When we look at HuggingFaceHub model usage in langchain
there's this part that the author doesn't know how to stop the generation, https://github.com/hwchase17/langchain/blob/master/langchain/llms/huggingface_pipeline.py#L182:
class HuggingFacePipeline(LLM):
...
def _call(
...
if stop is not None:
# This is a bit hacky, but I can't figure out a better way to enforce
# stop tokens when making calls to huggingface_hub.
text = enforce_stop_tokens(text, stop)
return text
What should I use to add the stop token to the end of the template?
If we look at https://github.com/hwchase17/langchain/blob/master/langchain/llms/utils.py, it's simply a regex split that split an input string up based on a list of stopwords, then take the first partition of the re.split
re.split("|".join(stop), text)[0]
Lets try to get a generation output from a Huggingface model, e.g.

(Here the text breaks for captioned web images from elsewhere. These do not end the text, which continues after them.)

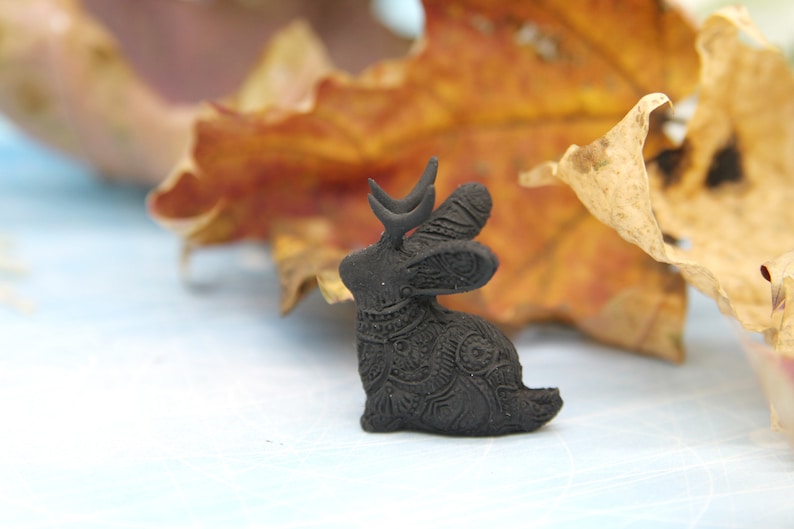 Delivery time extended Paintable Tiny Jackalope Cryptid Jack Rabbit Cryptozoology Sculpture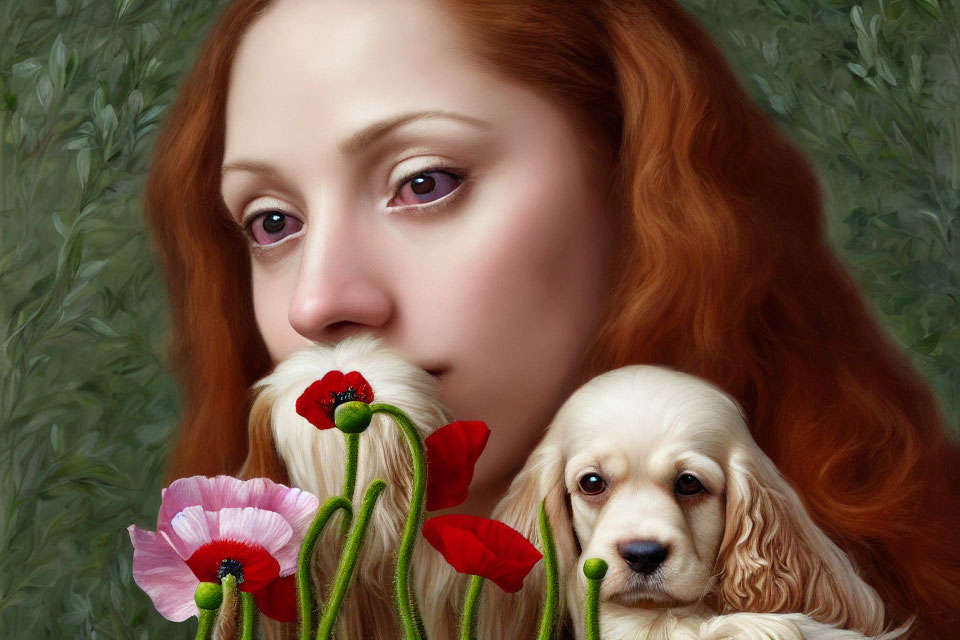 Red-Haired Woman with Dog Holding Poppies in Green Background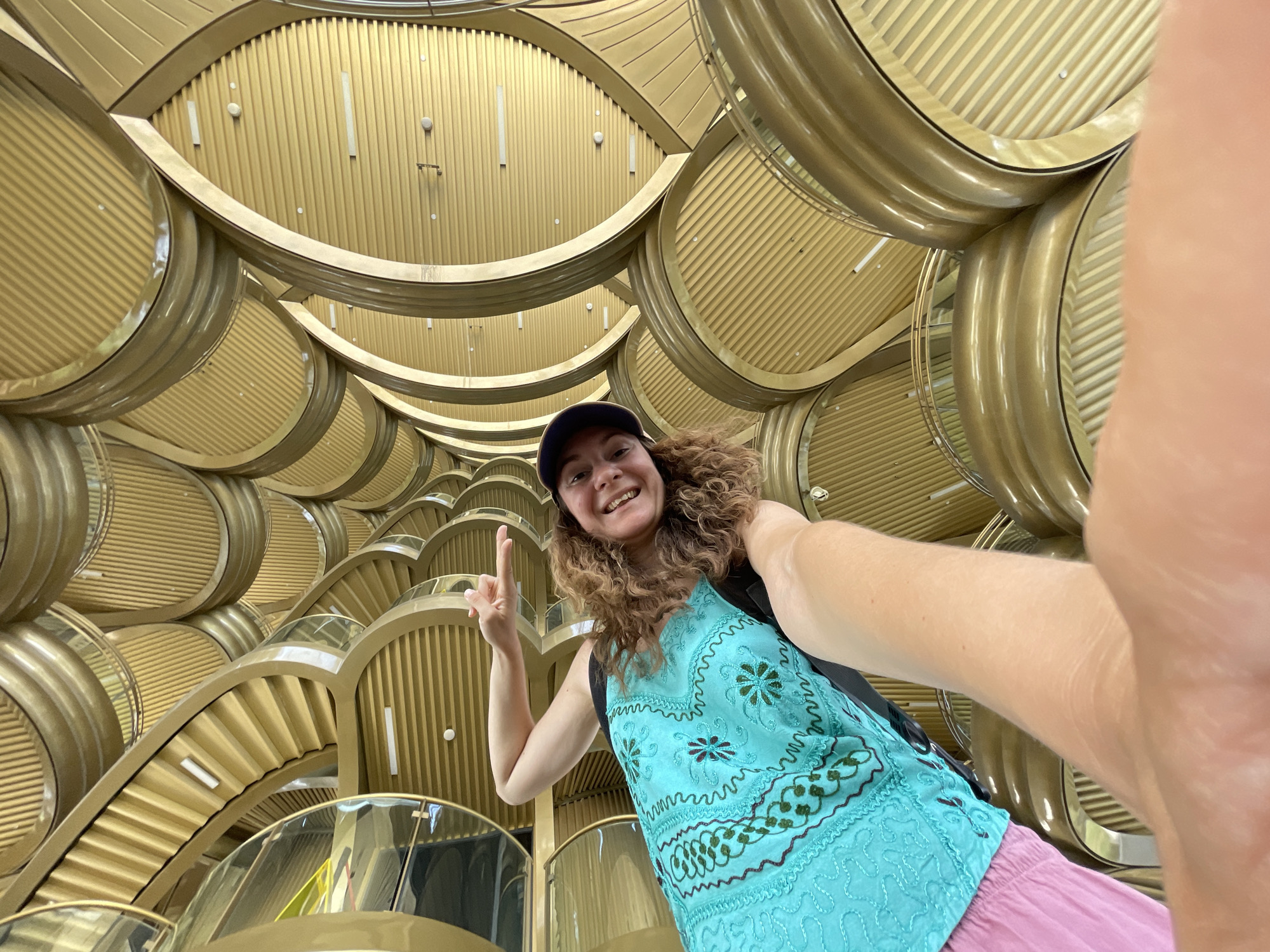 Tourists explore Chengdu Tianfu Art Museum's distinctive architecture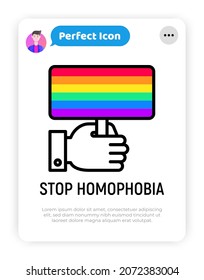 Stop homophobia thin line icon, rainbow flag in hand. Modern vector illustration. 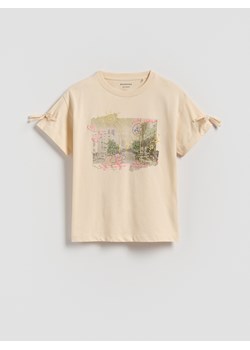 Reserved - T-shirt z nadrukiem - beżowy ze sklepu Reserved w kategorii Bluzki dziewczęce - zdjęcie 184542070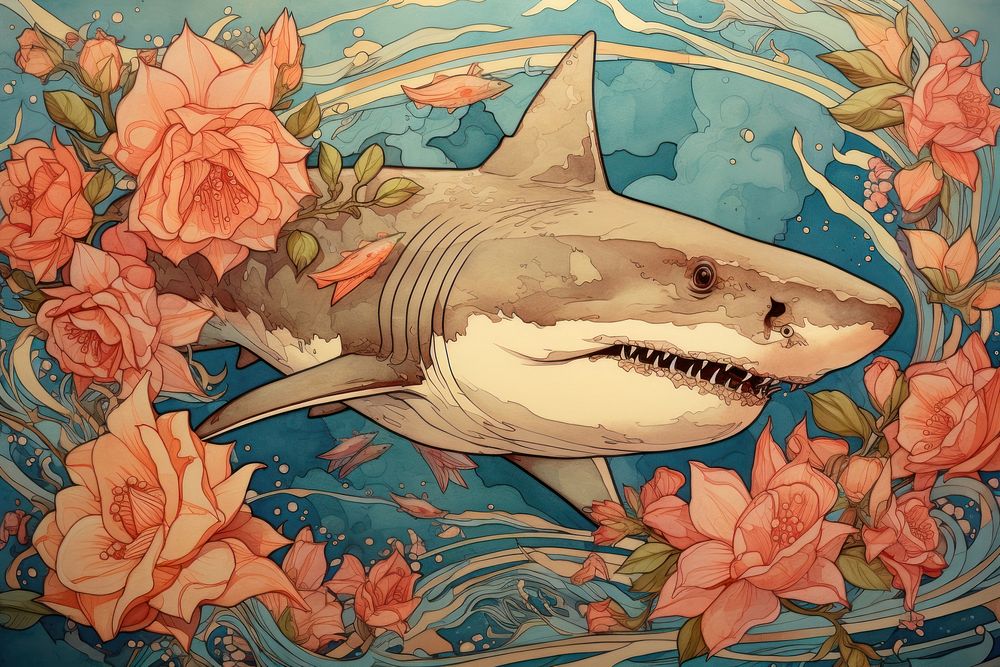 Shark and flowers art painting animal.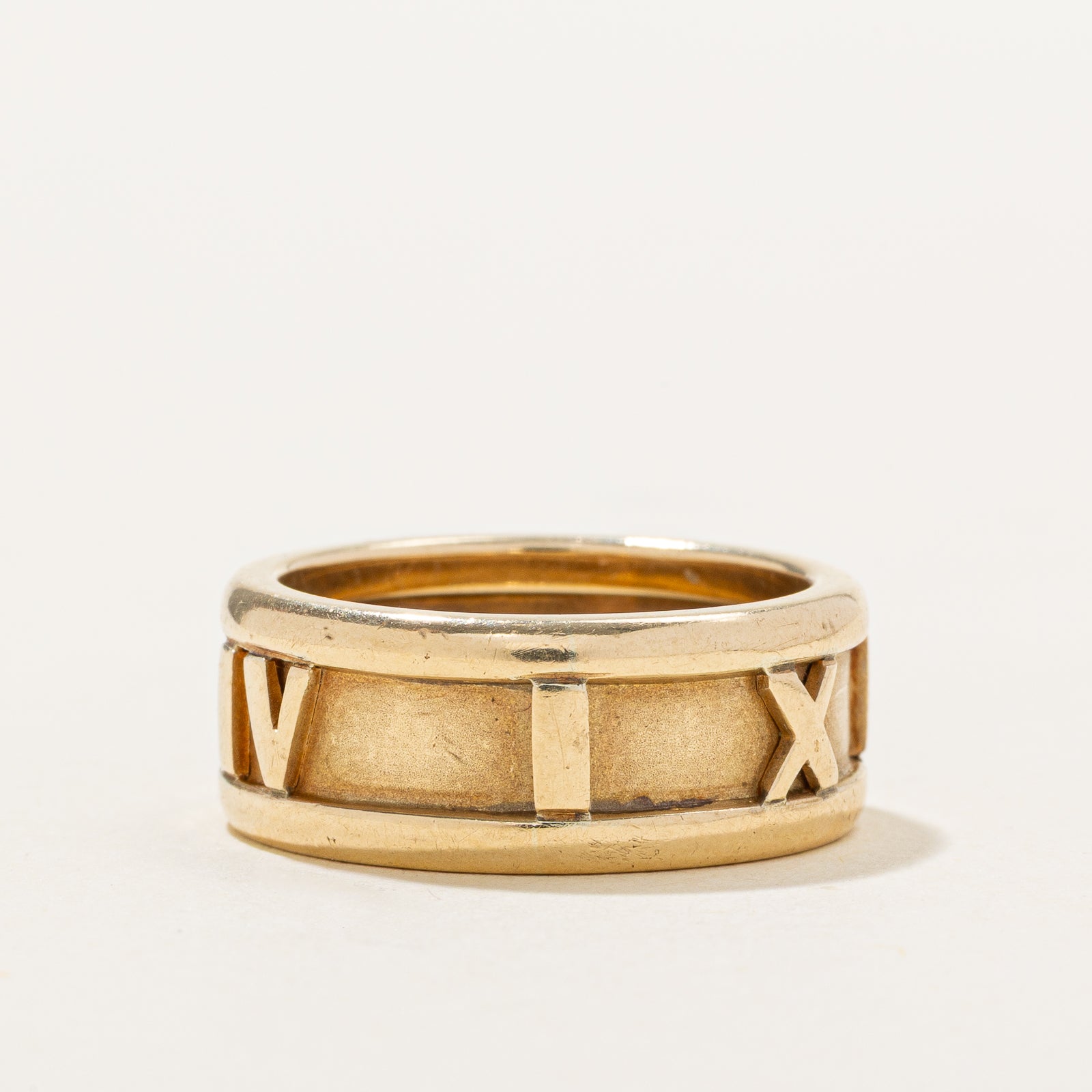 15k Yellow Gold Roman Numeral Band | 8mm | SZ 6.25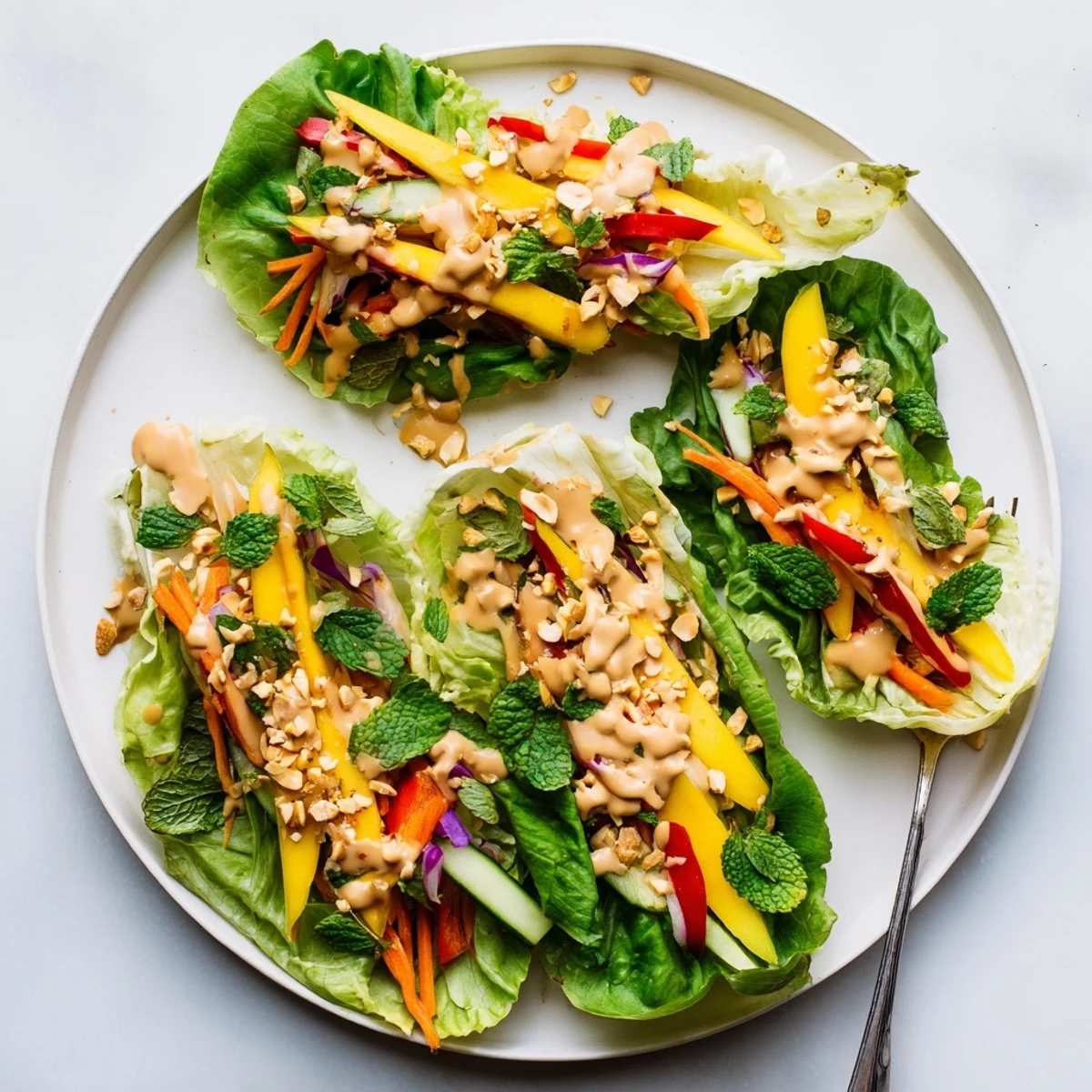 Vibrant Thai-inspired cabbage wraps featuring mango, bell peppers, and cucumber topped with tangy peanut dressing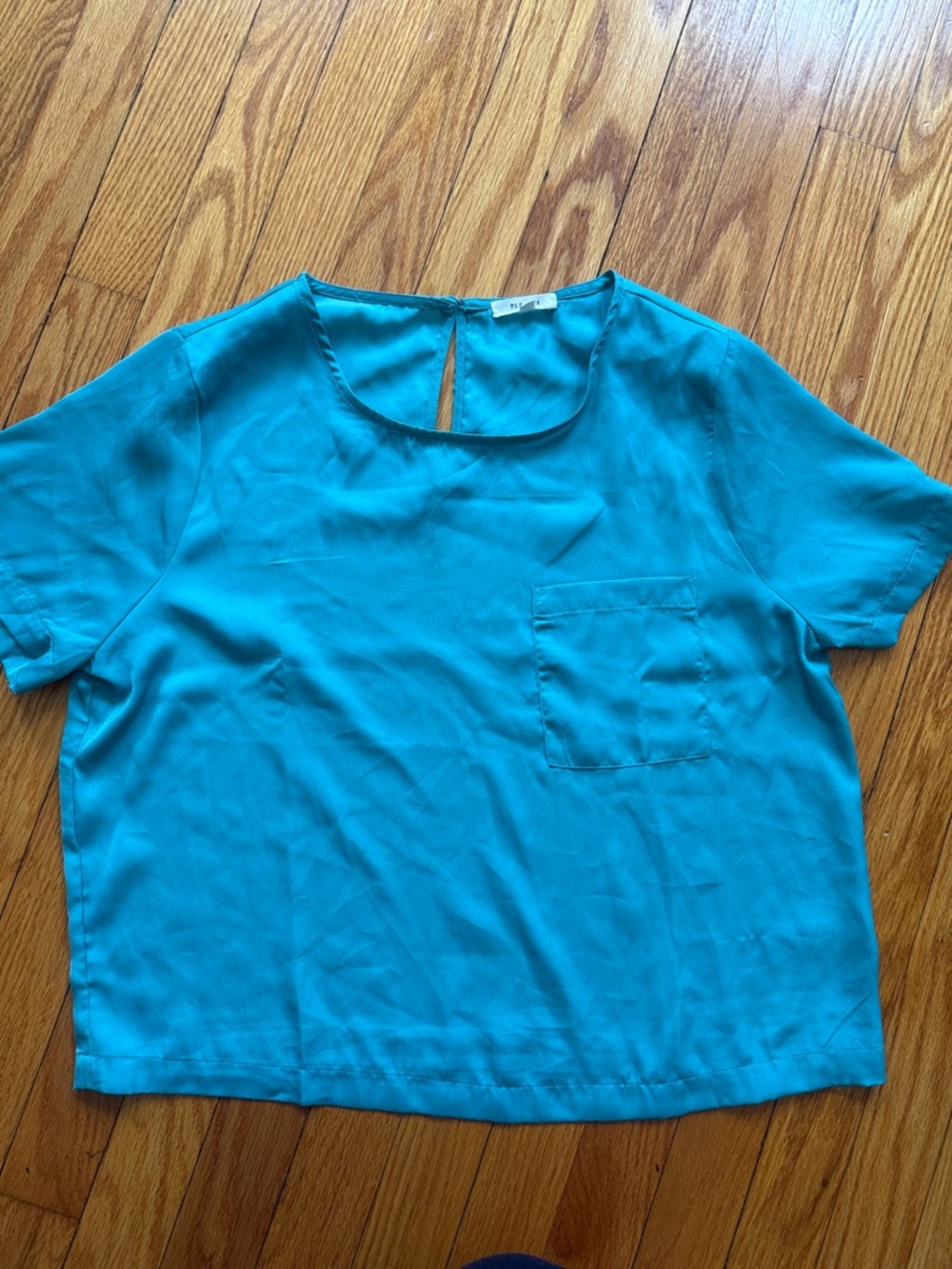 Pleione Teal Short-Sleeve Pocket Blouse
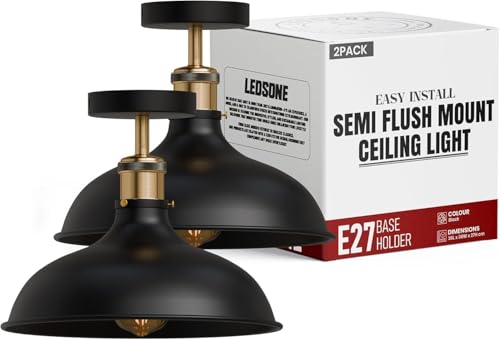 LEDSone Pack of 2 Flush Mount Lighting 36cm Black Metal Shade Large E27 Ceiling Lamp for Kitchen Dining Room Hallway Living Room Bulb Included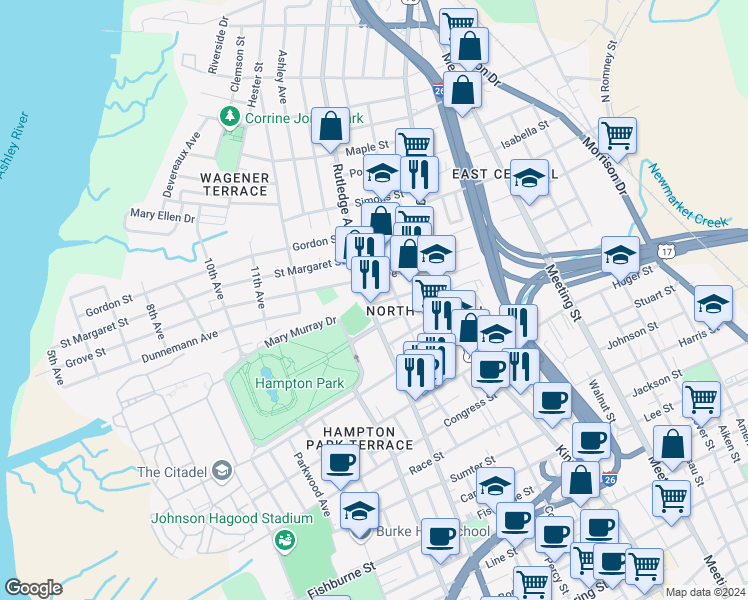 map of restaurants, bars, coffee shops, grocery stores, and more near 706 Rutledge Avenue in Charleston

from transformers import pipeline
from transformers import GPT2LMHeadModel, AutoTokenizer
tokenizer = AutoTokenizer.from_pretrained('gpt2')
model = GPT2LMHeadModel.from_pretrained('gpt2')
generator = pipeline('text-generation', model=model, tokenizer=tokenizer)
output = generator("Hey Pizza! ")
output
[out]:
[{'generated_text': 'Hey Pizza! 」\n\n「Hurry up, leave the place! 」\n\n「Oi! 」\n\nWhile eating pizza and then, Yuigahama came in contact with Ruriko in the middle of the'}]
If we apply the re.split
:
import re
def enforce_stop_tokens(text, stop):
"""Cut off the text as soon as any stop words occur."""
return re.split("|".join(stop), text)[0]
stop = ["up", "then"]
text = output[0]['generated_text']
re.split("|".join(stop), text)
[out]:
['Hey Pizza! 」\n\n「Hurry ',
', leave the place! 」\n\n「Oi! 」\n\nWhile eating pizza and ',
', Yuigahama came in contact with Ruriko in the middle of the']
But that isn't useful, I want to split at the point the generation ends. What tokens do I use to "enforce_stop_tokens"?